Using a mixture of AMP (automatic mixed precision or float16) training and float32 precision (higher precision requires more compute) the PyTorch team found that torch.compile() provides an average speedup of 43% in training on a NVIDIA A100 GPU.

Or 38% on timm, 76% on TorchBench and 52% on Hugging Face Transformers.

graph showing speedup percentages across several open-source libraries for PyTorch 2.0 models
Average speedups with PyTorch 2.0 across several open-source libraries. See the PyTorch 2.0 technical report for specific calculations.

Naturally, I tried torch.compile() in one of my own benchmarks:

I tried a ResNet50 model from torchvision on the CIFAR10 dataset with a batch size of 128 and an image size of 224 for 3 runs of 5 epochs.

It seems torch.compile() is definitely better when you're using more of the GPU, e.g. larger batch sizes and data sizes.

I noticed the first epoch was slower but subsequent epochs went faster across both my local RTX 4080 GPU and an A100 GPU on Google Colab.

highlight of training time for PyTorch 2.0 models taking longer on the first epoch
While using torch.compile() the first epoch will tend to take longer then subsequent epochs. This is because PyTorch is optimizing the model behind the scenes via techniques such as operator fusion and graph capture. See the code I used for the benchmarks on the PyTorch Deep Learning GitHub

My speedups weren’t as large as reported in the PyTorch 2.0 release notes, however, they were still around 10% on training epochs.

Speedups for PyTorch 2.0 models on CIFAR10 dataset with ResNet50 with batch size 128 and image size 224 for 3 runs of 5 epochs
In my brief experiments, I found an average speedup of ~10% on training epochs. Though this would probably be larger on: larger datasets, larger models (especially transformer-like models) and longer training runs. See the code I used for the benchmarks on the PyTorch Deep Learning GitHub

But I’m yet to explore mixed precision training or transformer-like architectures (which have the biggest speedups), higher batch sizes, longer training runs (where torch.compile() would probably be most effective).

3-minute intro

What's happening behind the scenes of torch.compile()?

torch.compile() is designed to "just work" but there are a few technologies behind it:

  • TorchDynamo
  • AOTAutograd
  • PrimTorch
  • TorchInductor

The PyTorch 2.0 release notes explain these in more detail but from a high level the two main improvements torch.compile() offers are:

  1. Fusion (or operator fusion)
  2. Graph capture (or graph tracing)

Fusion

Fusion, also known as operator fusion is one of the best ways to make deep learning models go brrrrrr.

Operator fusion condenses (like Dragon Ball Z) many operations into one (or many to less).

Why?

Modern GPUs have so much compute power they are often not compute limited, as in, the main bottleneck to training models is how fast can you get data from your CPU to your GPU.

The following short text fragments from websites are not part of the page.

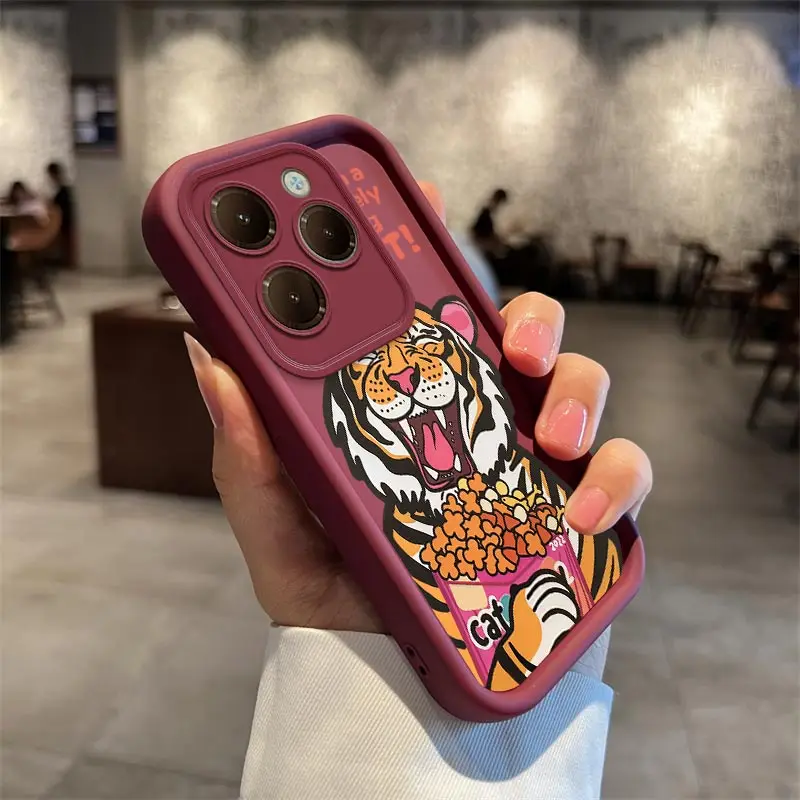 Силиконовый чехол для телефона Hot40 CatTigers Infinix Hot 30i 30 Play 20 S 20i 12 11Play 10 9 8 Smart 7 6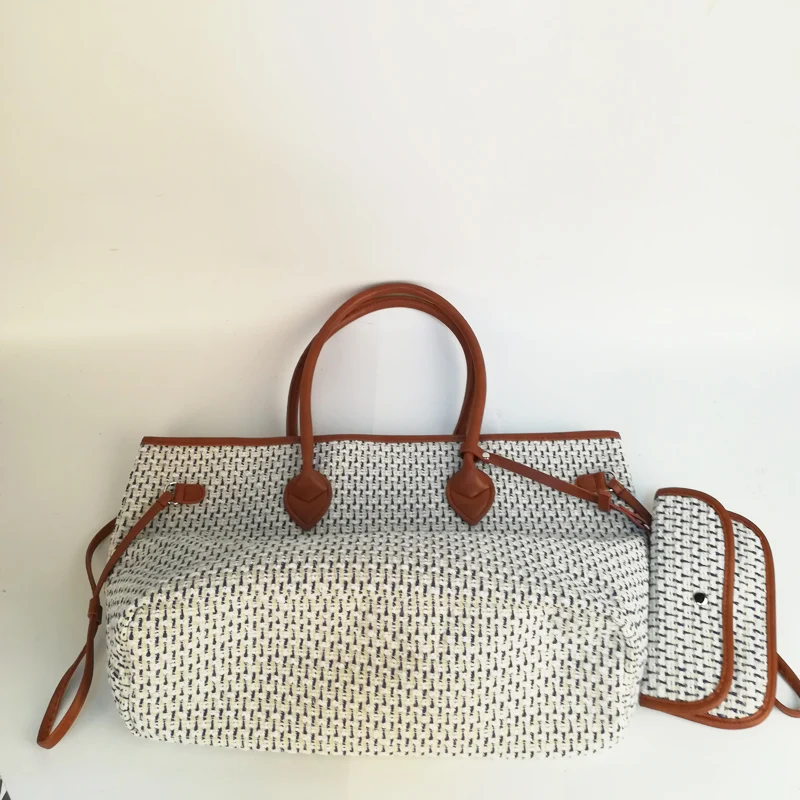 817-check string tote (4)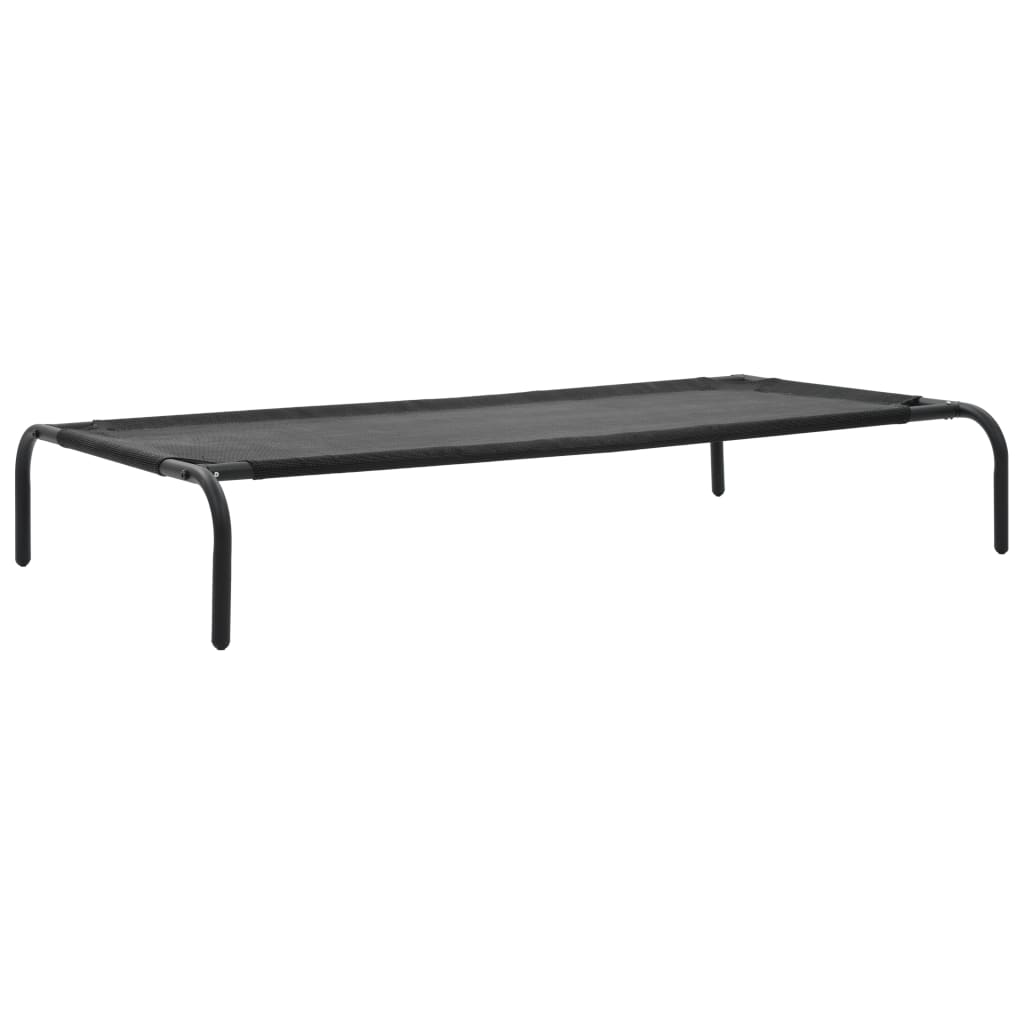 foto del prodotto helloshop26 cuccia rialzata per cani l cestini in textilene cestino per cani 110 x 65 x 20 cm nero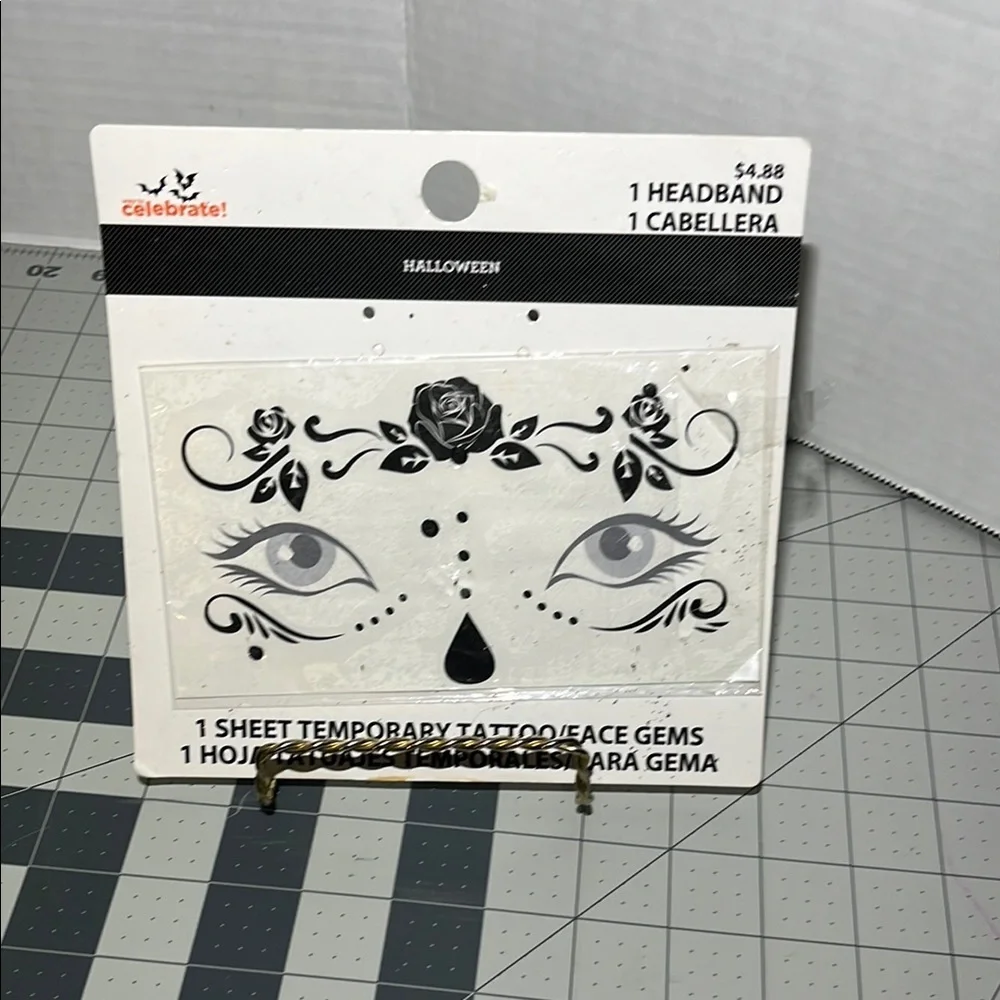 Celebrate Halloween Temporary Face Tattoos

This is known as bandwidth or memory bandwidth.

You want to reduce your bandwidth costs as much as possible.

And feed the data hungry GPUs with as much data as possible.

So instead of performing an operation on a piece of data and then saving the result to memory (increased bandwidth costs), you chain together as many operations as possible via fusion.

A rough analogy would be using a blender to make a smoothie.

Most blenders are good at blending things (like GPUs are good at performing matrix multiplications).

Using a blender without operator fusion would be like adding each ingredient one by one and blending each time a new ingredient is added.

Not only is this insane, it increases your bandwidth cost.

The actual blending is fast each time (like GPU computations generally are) but you lose a bunch of time adding each ingredient one by one.

Using a blender with operator fusion is akin to using a blender by adding all the ingredients at the start (operator fusion) and then performing the blend once.

You lose a little time adding at the start but you gain all of the lost memory bandwidth time back.

Graph capture

Graph capture I’m less confident explaining.

But the way I think about is that graph capture or graph tracing is:

  • Going through a series of operations that need to happen, such as the operations in a neural network.
  • And capturing or tracing what needs to happen ahead of time.

Computing without graph capture is like going to a new area and following GPS directions turn by turn.

As a good human driver, you can follow the turns quite easily but you still have to think about each turn you take.

This is the equivalent to PyTorch having to look up what each operation does as it does it.

As in, to perform an addition, it has to look up what an addition does before it can perform it.

It does this quickly but there’s still non-zero overhead.

Computing with graph capture is like driving through your own neighbourhood.

You barely think about what turns to make.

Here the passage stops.